Éditorial

Du stade au podium

Rédactrice en chef de la revue

Les Jeux olympiques et paralympiques de Paris 2024 se sont engagés en faveur de l’environnement durable et par la mise en valeur de la diversité dans le sport. L’exposition Olympisme, une histoire du monde, présentée au Palais de la Porte Dorée d’avril à septembre en partenariat avec le groupe de recherche l’Achac, relève ce défi et retrace 130 années de Jeux olympiques à travers un vaste panorama géopolitique où les mutations d’une histoire mondialisée sont radiographiées sous l’angle de leurs conséquences sur l’organisation des éditions sportives successives. Les conflits entre démocraties et régimes totalitaires, l’histoire des empires coloniaux puis des décolonisations, les luttes des minorités pour leur reconnaissance soulignent combien l’altérité est au cœur des enjeux politiques et sociétaux du sport.

Sous le maillot tricolore

La revue a choisi d’aborder l’histoire des compétitions olympiques sous le prisme des migrations humaines afin de compléter l’imposant catalogue raisonné de cette exposition (La Martinière, 2023). Mobilisant les travaux des spécialistes de l’histoire du sport, Yvan Gastaut et Stéphane Mourlane coordonnent une galerie de portraits exhaustive des médaillés olympiques français nés à l’étranger depuis la première édition des Jeux olympiques en 1896 à Athènes, complétée par deux figures « indigènes » issues des colonies françaises. Les trajectoires de ces athlètes questionnent la manière dont les parcours migratoires interfèrent sur leurs performances sportives d’exception. Si la moisson de médailles offertes au palmarès français enrichit le rayonnement international d’un pays qui a su accueillir ces sportifs d’une manière ou d’une autre, elle résulte aussi du brassage social et culturel que les compétitions favorisent pour « faire équipe » sous la bannière d’un même drapeau. Ces athlètes érigés en héros le temps des Jeux subissent pourtant des attaques racistes et xénophobes conspuant leurs exploits au nom de leur « étrangeté », à l’encontre des valeurs universelles du sport. Leurs parcours sociaux, souvent fragilisés par leur altérité, les confrontent au conflit de loyauté entre un pays natal auquel ils restent attachés et un pays qu’ils ont adopté en dépit des débats récurrents autour de la naturalisation. En tâchant de sortir de l’anonymat des sportifs le plus souvent oubliés de l’Histoire, ce numéro entend contribuer à leur reconnaissance.
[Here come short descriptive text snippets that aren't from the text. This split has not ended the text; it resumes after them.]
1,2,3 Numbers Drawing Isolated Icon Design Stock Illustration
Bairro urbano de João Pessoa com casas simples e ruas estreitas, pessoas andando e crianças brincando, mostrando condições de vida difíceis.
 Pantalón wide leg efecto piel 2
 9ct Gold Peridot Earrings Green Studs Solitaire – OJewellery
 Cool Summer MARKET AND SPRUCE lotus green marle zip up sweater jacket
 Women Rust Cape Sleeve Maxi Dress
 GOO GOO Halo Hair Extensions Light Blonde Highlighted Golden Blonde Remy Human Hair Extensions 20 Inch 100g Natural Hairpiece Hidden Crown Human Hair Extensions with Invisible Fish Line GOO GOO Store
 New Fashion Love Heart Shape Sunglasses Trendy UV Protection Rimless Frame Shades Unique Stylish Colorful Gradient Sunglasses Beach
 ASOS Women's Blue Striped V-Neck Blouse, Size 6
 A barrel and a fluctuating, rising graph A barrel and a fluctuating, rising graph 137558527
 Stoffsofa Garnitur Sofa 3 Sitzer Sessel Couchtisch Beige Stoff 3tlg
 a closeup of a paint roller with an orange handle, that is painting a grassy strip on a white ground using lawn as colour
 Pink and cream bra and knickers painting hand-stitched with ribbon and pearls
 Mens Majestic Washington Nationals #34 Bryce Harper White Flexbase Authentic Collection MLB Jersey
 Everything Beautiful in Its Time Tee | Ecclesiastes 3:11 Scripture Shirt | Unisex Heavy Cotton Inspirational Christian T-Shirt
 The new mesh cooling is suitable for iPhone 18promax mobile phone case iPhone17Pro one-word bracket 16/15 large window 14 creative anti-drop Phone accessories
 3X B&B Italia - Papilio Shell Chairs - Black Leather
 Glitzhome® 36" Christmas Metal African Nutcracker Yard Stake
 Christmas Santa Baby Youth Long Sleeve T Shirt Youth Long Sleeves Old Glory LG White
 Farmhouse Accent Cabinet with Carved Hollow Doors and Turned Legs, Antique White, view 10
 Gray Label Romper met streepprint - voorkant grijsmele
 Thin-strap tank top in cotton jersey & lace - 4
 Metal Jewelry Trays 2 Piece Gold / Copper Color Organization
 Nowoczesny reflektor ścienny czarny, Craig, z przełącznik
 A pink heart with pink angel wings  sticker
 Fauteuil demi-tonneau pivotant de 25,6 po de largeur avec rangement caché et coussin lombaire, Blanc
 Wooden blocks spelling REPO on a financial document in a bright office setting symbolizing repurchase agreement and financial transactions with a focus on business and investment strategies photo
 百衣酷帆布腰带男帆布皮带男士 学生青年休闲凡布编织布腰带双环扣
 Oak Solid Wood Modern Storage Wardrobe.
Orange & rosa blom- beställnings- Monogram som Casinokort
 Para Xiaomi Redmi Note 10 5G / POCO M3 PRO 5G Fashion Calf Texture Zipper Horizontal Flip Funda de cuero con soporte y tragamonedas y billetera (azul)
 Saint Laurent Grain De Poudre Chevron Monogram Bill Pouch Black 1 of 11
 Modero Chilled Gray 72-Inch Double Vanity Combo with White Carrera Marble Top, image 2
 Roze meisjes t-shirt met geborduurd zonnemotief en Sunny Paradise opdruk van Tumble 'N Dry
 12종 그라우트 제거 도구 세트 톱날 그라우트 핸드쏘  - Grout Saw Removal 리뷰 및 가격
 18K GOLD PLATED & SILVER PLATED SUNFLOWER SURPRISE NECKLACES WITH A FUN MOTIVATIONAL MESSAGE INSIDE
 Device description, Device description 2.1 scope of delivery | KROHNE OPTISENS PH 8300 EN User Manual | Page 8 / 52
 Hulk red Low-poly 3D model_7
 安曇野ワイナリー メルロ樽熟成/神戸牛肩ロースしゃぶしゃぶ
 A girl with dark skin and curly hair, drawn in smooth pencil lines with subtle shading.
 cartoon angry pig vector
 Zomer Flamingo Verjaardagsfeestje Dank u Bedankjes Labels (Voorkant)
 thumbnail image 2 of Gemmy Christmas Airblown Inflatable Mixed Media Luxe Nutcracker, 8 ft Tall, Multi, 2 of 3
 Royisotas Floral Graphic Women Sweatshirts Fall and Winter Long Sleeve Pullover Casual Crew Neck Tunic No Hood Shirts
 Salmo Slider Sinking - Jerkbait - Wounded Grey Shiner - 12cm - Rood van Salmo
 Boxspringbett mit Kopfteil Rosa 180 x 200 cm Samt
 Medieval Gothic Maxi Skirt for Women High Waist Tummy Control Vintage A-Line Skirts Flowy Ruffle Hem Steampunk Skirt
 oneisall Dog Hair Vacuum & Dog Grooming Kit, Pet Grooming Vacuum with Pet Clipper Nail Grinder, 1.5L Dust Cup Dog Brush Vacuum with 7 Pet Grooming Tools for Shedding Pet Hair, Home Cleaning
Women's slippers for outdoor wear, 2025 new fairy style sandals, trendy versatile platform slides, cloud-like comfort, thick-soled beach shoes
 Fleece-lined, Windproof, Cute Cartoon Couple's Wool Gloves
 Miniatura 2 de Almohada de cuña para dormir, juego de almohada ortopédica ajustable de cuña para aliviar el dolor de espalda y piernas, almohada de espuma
Les multiples usages du sport en exil

Au-delà de cette galerie de médaillés « bronze, argent, or », le portfolio interroge la diversité du sens et des pratiques sportives dans les parcours des immigrés et de leurs descendants en France à travers une sélection de la collection du Musée national de l’histoire de l’immigration. Le sport apporte ainsi sa pierre à la construction d’un patrimoine de l’immigration plus ouvert. Qu’elles soient amateures ou professionnelles, les pratiques sportives sont ici questionnées dans leurs fonctions multiples en contexte migratoire : lieux de reconstruction des corps et des esprits traumatisés par l’exil contraint, points d’ancrage d’une sociabilité populaire, espaces d’embrigadement politique ou d’engagement militant pour les droits des étrangers et contre le racisme, vecteurs d’espoirs de promotion sociale, figures médiatiques incarnant « une France de la diversité »… D’autres articles analysent également le rôle du sport dans les quartiers populaires depuis le début du XXe siècle et insistent sur l’introduction de certains sports ou la création d’associations sportives fondées sur une même origine étrangère, comme les premiers clubs de foot tournés vers la conservation d’un entre-soi britannique.

Des articles en accès libre

Bonne nouvelle en ce début d’année ! Sous l’impulsion du ministère de l’Enseignement supérieur et de la Recherche, la revue peut désormais bénéficier du nouveau dispositif intitulé « Souscrire pour ouvrir », permettant la suppression de sa barrière mobile en ligne. La diffusion de l’ensemble des articles de la revue dès leur date de parution est désormais entièrement en accès libre sur les plateformes OpenEdition et Cairn.